L'Editoriale / Bergamo Città
Sabato 22 Giugno 2024
Sale la povertà, il dramma nei dati
ITALIA. La povertà in Italia oggi è ai massimi storici: significa che siamo un Paese in declino, che regredisce anziché crescere come è avvenuto dal Dopoguerra. Di solito chi non ne fa parte cerca di non guardarci dentro, la filosofa Adele Cortina ha coniato il termine di aporofobia.
Forse perché chi osserva questo lago di miseria che si allarga a macchia d’olio rischia di specchiarsi, sa nel profondo che potrebbe capitare anche a sé stesso, a pensarci basta un niente: il fallimento della propria attività, un contenzioso economico, la perdita del posto di lavoro, l’impossibilità di trovarlo, un debito che si ingigantisce nel tempo, un’occupazione precaria o a basso salario che ti fa misero (ma non miserabile) anche se lavori, una separazione, un divorzio. Ci vuol poco per divenire uno dei personaggi rappresentati nei «bassifondi» di Maxim Gorkij, categorie umane dell’esistenza che il progresso non ha ancora cancellato.
Gli ultimi dati ci arrivano dal report statistico nazionale 2024 di Caritas italiana, proveniente 3.124 Centri di ascolto dislocati in tutte le regioni italiane. Dati drammatici: il 9,8% della popolazione italiana, un residente su dieci, vive in povertà assoluta. Complessivamente risultano in questo stato (quello che Marx chiamava il «lumpen proletariat») 5 milioni e 752mila residenti, per un totale di oltre due milioni e 234mila famiglie. Ad essi si aggiungono coloro che vivono in una condizione di rischio di povertà e/o esclusione sociale: si tratta complessivamente di circa 13 milioni e 391mila persone, pari al 22,8% della popolazione, per la maggior parte concentrati nelle aree del Mezzogiorno. Una persona su cinque, dunque, deve vedersela tutti i giorni con le ristrettezze economiche.
Si rafforzano le povertà «intermittenti e croniche»: uno «zoccolo duro» di povertà - così lo chiamo il report - che si trascina di anno in anno. A chiedere aiuto sono un po’ di più le donne rispetto agli uomini, con un’età media di 47,2 anni.
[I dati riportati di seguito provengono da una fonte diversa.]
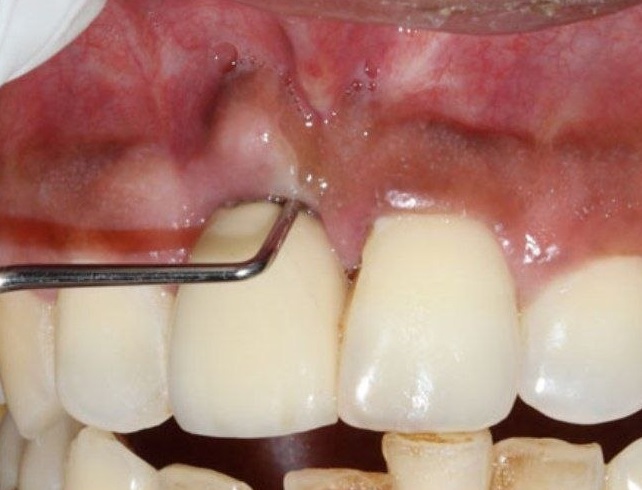 Implant removal
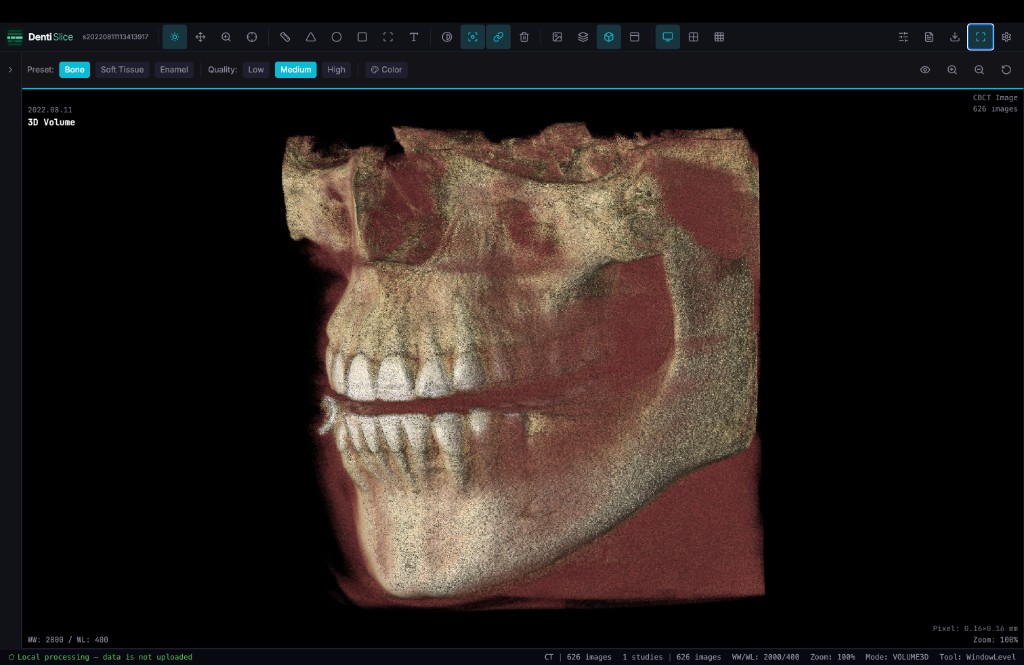 DentiSlice 3D Volume rendering — bone and soft tissue visualization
Le famiglie con minori rappresentano il 56,5% del totale. Come detto, un fattore che accomuna buona parte delle persone assistite è la fragilità occupazionale, che si esprime nella condizione di disoccupazione (48,1%) e di «lavoro povero» (23%). Tra i lavoratori poveri si contano per lo più persone di cittadinanza straniera (65%); uomini (51,6%) e donne (48,4%); genitori (78%) e coniugati (52,1%); impiegati in professioni non qualificate; domiciliati presso case in affitto (76,6%).
Povertà è spesso sinonimo di solitudine, a cominciare dalle persone anziane: cresce infatti la grave marginalità di queste persone: nel 2023 i senza dimora sostenuti dalla rete delle Caritas diocesane e parrocchiali sono stati 34.554, corrispondenti al 19,2% dell’utenza complessiva. C’è poi il drama dei bambini, l’anello debole della nostra società insieme agli over 65. In Italia sono tanti i nuclei familiari con minori in stato di indigenza. I bambini nella fascia da 0 e 3 anni registrano l’incidenza più alta di povertà assoluta pari al 14,7%. In pratica, un bambino su sette fino a 3 anni di età è povero in termini assoluti.
Viene poi segnalata la fine dell’ascensore sociale: il nostro Paese continua a detenere la più bassa mobilità educativa in Europa: ciò significa che il titolo di studio dei genitori influisce pesantemente sulle scelte formative, sulle opportuntà e quindi sul futuro dei loro figli. Anche una provincia ricca per antonomasia come quella di Bergamo non è esente da questa situazione, tra vecchie e nuove povertà. Crescono soprattutto i lavoratori poveri, divorati dal contesto economico e inflattivo che richiede sempre più risorse per andare avanti, accanto agli «homeless», ai diseredati, a quelli che nel Vangelo sono «pietre di scarto». Colpisce il fatto che il rapporto non parli di povertà puramente economica ma di povertà educativa, culturale, relazionale, abitativa, lavorativa. Tanti tipi di indigenza, ma in fondo tante facce di uno stesso prisma che delinea una condizione umana che dobbiamo debellare, o almeno limitare il più possibile. La cancellazione troppo tranchant e affrettata del Reddito di cittadinanza non va certamente in questa direzione per milioni di famiglie.